Yeah, we definitely know it. The funny thing is, that both Rus and Czech (as we spell it) have their names in the names of their countries. When it comes to Lech, it only remained in Hungarian name of Poland.


----------



## Thomas1

Do Czechs know it as well, sis Czech  ?

And, how about the Russians, do you know it too?


----------



## cyanista

Cannot speak for everyone, but I only ever heard the legend of Romulus and Remus. 

I learned at school that _rus'_, or _ros'_ was a northern tribe that probably gave name to the territory. But history textbooks have been re-written several times since I was a child - no idea what they teach at history lessons now. Perhaps this or that textbook mentions this legend?.. I pass the question on.


----------



## gumish

dudla said:
			
		

> Yeah, we definitely know it. The funny thing is, that both Rus and Czech (as we spell it) have their names in the names of their countries. When it comes to Lech, it only remained in Hungarian name of Poland.

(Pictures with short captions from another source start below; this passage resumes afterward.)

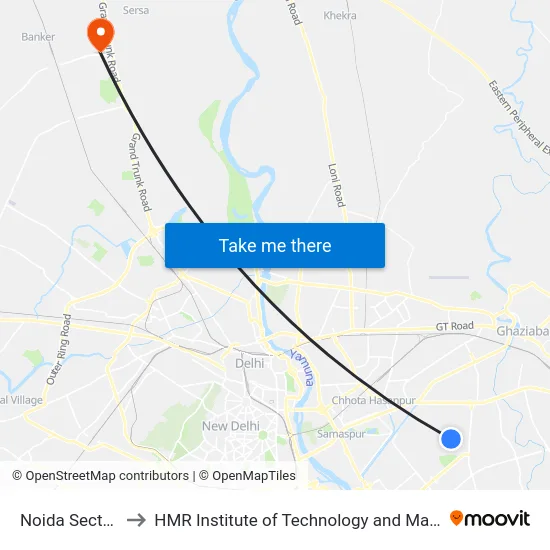 Noida Sector 58 to HMR Institute of Technology and Management map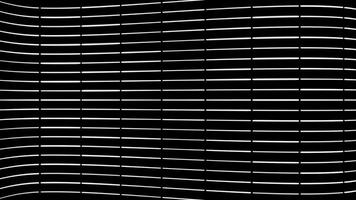 Abstract animation of moving waves from grey and white short neon stripes on black background. Animation. Animation of seamless loop, thick stripes flying. photo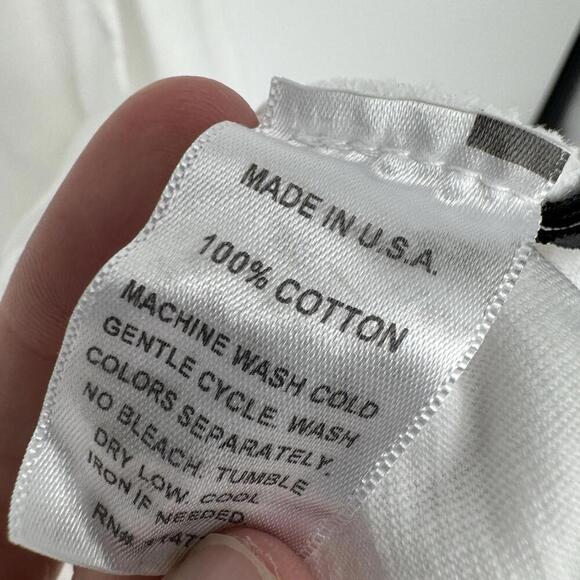 Flax top shirt small S white cotton 3/4 sleeve minimalist coastal beachy work - Picture 5 of 6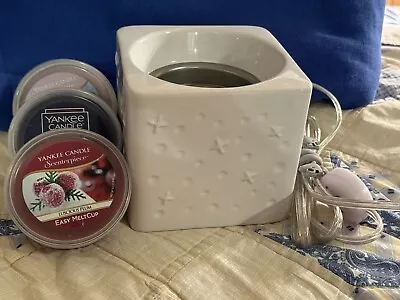 YANKEE CANDLE Electric Wax Warmer With TIMER Plus +  3 Easy Melt Cups Scents NEW • £17.47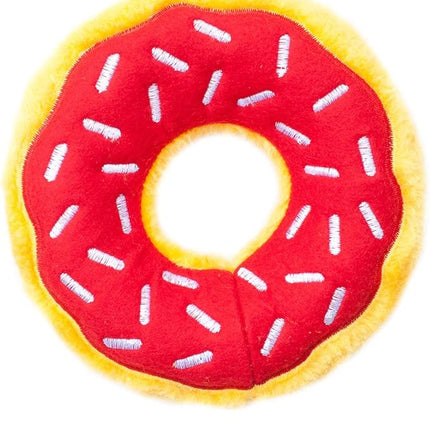 ZippyPaws - Original Donutz No Stuffing Squeaky Plush Dog Toy - Cherry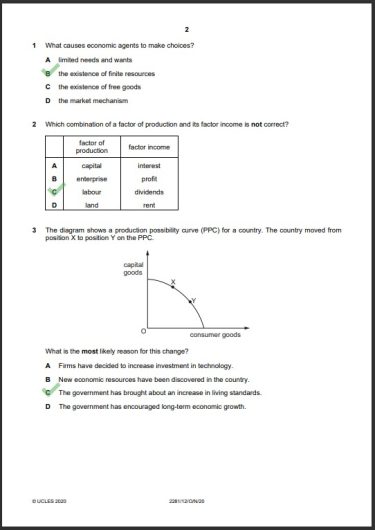 Economics 2281/12 MCQs Solved Paper October 2020 O Level 1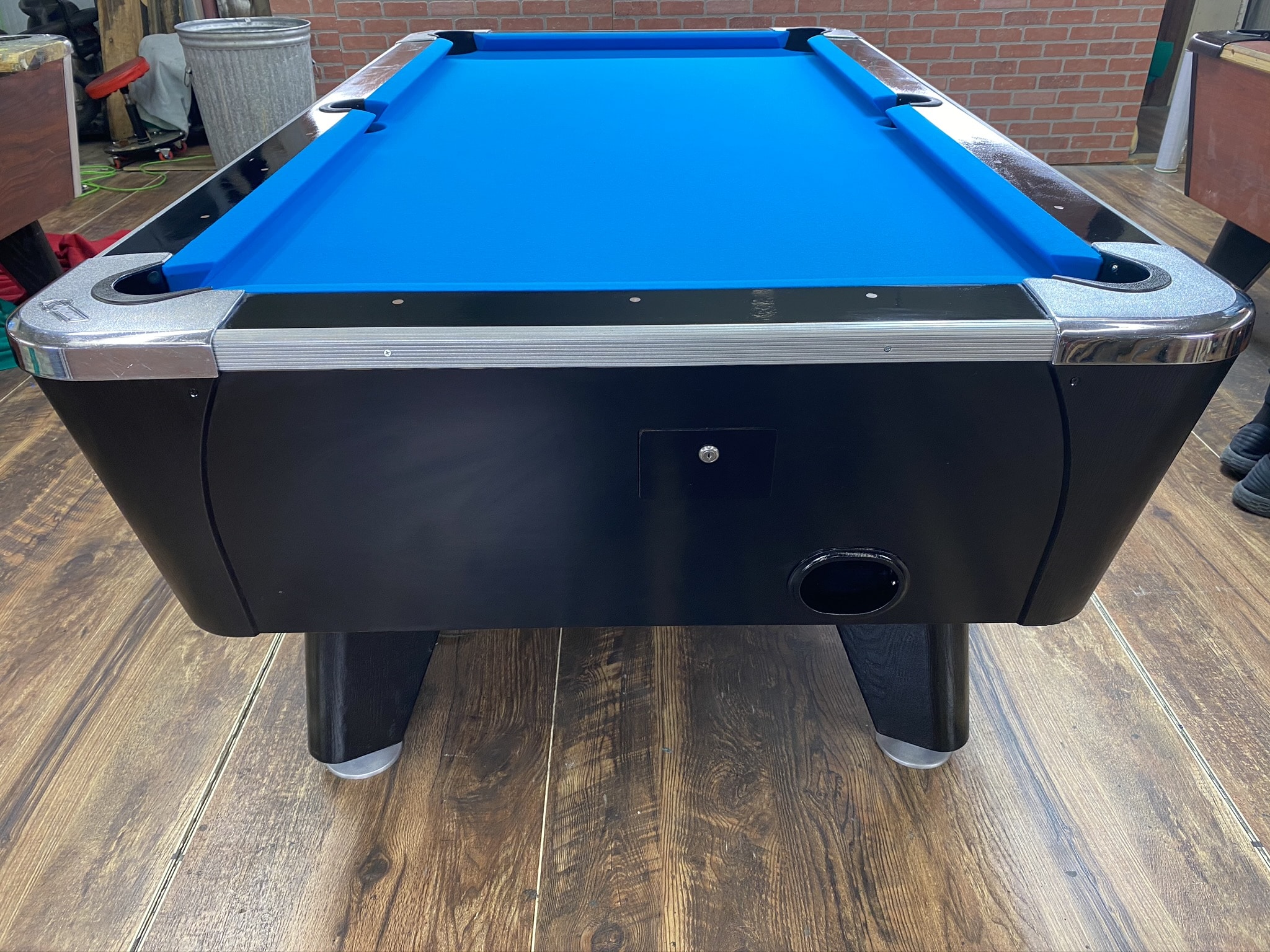 7' Dynamo Black (Silver Accent) Used Coin Operated Bar Pool Tables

The thing is the Hungarian name for Poles (a Pole=Lengyel - i definitely have ommitted some dash or two) has nothing to do with the name Lech. It comes from the name of one of Polish tribes - Lędzianie (have no idea what English counterpart this name has). Lędzianie (which is plural) are now more often referred to as Wiślanie (Vistulians???).  The tribe territory was neighbouring Hungarian (or Magyar) dominion which then included Slovakia. Before Polan tribe (Polanie) started to expand their rule over neighbouring tribes, Wiślanie were the strongest of Polish tribes. Polan conquest of Wiślanie (Vistulians) gave names to two big regions (then provinces of Poland) Wielkopolska (like Greater or Major Poland) - native of Polans and Małopolska (like Lesser Poland)  - the lands of Vistulians. Hungarians expanded  the name of one of Polish tribes to all of them, which is not that uncommon in history. As for the name Lech - my guess is it was a personal name as it remains until now.


----------



## dudla

Oh really?
I never knew that. Someone told me the story about theHungarian name for Poland coming from that tale and I believed it without checking it


----------



## Seana

Hello
Old names described Polish people:
- East Slav* Lach*, 
- South Slav *Ljach*, 
- Hungarian *Lengyel *
- Byzantine *Lechoi,*
*-* Polish *Lędzianie, Lendzianie, Lędzice*
They all stem from the word *lęda* (uncultivated field)
But according the encyclopedia, *Lengyel culture *didn't cover exclusively Polish areas. It was located in the area of southern Moravia, western Slovakia, western Hungary, parts of southern Poland, and in adjacent sections of Austria, Slovenia, and Croatia.
http://upload.wikimedia.org/wikipedia/en/6/6b/European_Late_Neolithic.gif

If you didn't mind I would tell about *the legendary cradle* *of Poland*.
So, according to the legend three brothers Lech, Czech and Rus were penetrating the wilderness to find a place to settle. Suddenly they saw a hill with an old oak and an eagle on top. *Lech* said: this white eagle I will adopt as an emblem of my people, and around this oak I will build my stronghold, and because of the eagle *nest *I will call it *Gniezdno*. (Polish: nest = gniazdo = gniezdno). Gniezdno ( modern Gniezno) became one of the main towns of the early Piast dynasty, founders of Polish state while the white eagle became Polish emblem. The old name for Poland was *Lechistan* and Poles called *Lechici*.
The other brothers went further on to find a place for their people. Czech went to the South and *Rus went to the East. *
Medieval Polish chroniclers would derive Rus' from the Latin rus, ruris ("country"). The early Rus may well have seemed to visitors from Byzantium to be "rustic" and "rural" — both, terms derived from the Latin rus. And the name of the semilegendary founder of the early Rus state, Ruric does suspiciously resemble the genitive case of rus — ruris. Maybe the word "Rus'" was adopted by the Slavs from the Norse root , in compounds (roths-), either directly or via the Finnish Ruotsi. This root is the same as the English row and may have referred to the fact that the Varangians mainly rowed down the East European waterways; the Swedish region, Roslagen, which means "naval districts".


----------



## Jana337

Update: I have just listened to this account of the Slavic (mostly Czech, to be precise) mythology (both the text and the audio file are in German). If our Croatian friends read this thread, they could maybe comment on the claim that there was a partriarch Charvat who, along with his supporters, fled from Bohemia and settled in what now is Croatia.

Jana


----------



## Seana

Unfortunately we have not any effect on making our history. We must take it just what it is.


----------